··· Entries provided ···

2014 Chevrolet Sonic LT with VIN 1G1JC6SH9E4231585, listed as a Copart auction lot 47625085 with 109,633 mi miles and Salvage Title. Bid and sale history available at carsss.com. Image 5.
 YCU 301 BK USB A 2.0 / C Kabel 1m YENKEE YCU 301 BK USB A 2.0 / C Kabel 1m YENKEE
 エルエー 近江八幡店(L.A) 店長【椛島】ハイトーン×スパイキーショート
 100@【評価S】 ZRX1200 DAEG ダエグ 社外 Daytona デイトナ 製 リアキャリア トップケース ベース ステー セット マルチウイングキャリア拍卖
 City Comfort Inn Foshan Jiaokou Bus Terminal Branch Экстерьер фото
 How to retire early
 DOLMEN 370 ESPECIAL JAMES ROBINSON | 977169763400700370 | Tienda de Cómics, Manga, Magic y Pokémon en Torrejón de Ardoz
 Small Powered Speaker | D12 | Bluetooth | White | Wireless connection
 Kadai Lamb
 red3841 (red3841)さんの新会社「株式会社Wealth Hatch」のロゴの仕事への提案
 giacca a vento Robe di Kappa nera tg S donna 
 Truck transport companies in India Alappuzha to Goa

···

### Task instructions
Your answer must be the lines above, unchanged, from the first one through the line that holds "How to retire early", inclusive, and no others.

### Output below
2014 Chevrolet Sonic LT with VIN 1G1JC6SH9E4231585, listed as a Copart auction lot 47625085 with 109,633 mi miles and Salvage Title. Bid and sale history available at carsss.com. Image 5.
 YCU 301 BK USB A 2.0 / C Kabel 1m YENKEE YCU 301 BK USB A 2.0 / C Kabel 1m YENKEE
 エルエー 近江八幡店(L.A) 店長【椛島】ハイトーン×スパイキーショート
 100@【評価S】 ZRX1200 DAEG ダエグ 社外 Daytona デイトナ 製 リアキャリア トップケース ベース ステー セット マルチウイングキャリア拍卖
 City Comfort Inn Foshan Jiaokou Bus Terminal Branch Экстерьер фото
 How to retire early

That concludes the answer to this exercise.